I’ve always loved movies. I’ve been buying them since my early 20s—so it’s been a little over 20 years now. DVD, then Blu-ray, then 4K.
Back then it wasn’t “collecting.” It was just me buying movies I liked. But once streaming took over, the label changed. Now it’s like, “Oh, that’s your hobby. You’re a movie collector.” It got weird.
Prices went up. More collector’s editions. More boutique labels. And honestly, I used to think steelbooks were stupid. I was like, bro… just watch the movie. Why do I need a steel box?
Now I own a bunch of steelbooks, digipaks, all that. And it’s cool—but I’m starting to realize it doesn’t matter that much. It’s about the movie.
Example: I bought Alien in 4K, but I already owned the Alien Anthology on Blu-ray. I threw the Blu-ray on yesterday—looked good, sounded good, menus were cool, extras were there. Then I put in the 4K: different menus, fewer extras, same audio, a little better picture—but not night-and-day.
And I started thinking: once I press play, am I really going to care about the incremental sharpness? Or the slight color bump? Not really.
So I’m stepping back from upgrading just to upgrade. If the Blu-ray looks good, it looks good. I don’t need the 4K—especially if I’m losing extras.

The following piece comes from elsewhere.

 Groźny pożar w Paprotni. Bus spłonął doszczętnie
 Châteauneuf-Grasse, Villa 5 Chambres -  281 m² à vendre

I used to buy like five movies a week. Now I’m down to one or two a month. Sometimes zero. I’d rather rent, or go to the theater.
And I’ve been going to the theater more because I want to get out of the house. Watching movies at home is dope, but at a certain point it can get too reclusive for me.
So yeah—my interest didn’t die. It just got cleaner.
Question: What hobby have you refined over time—less “more,” more “meaning”?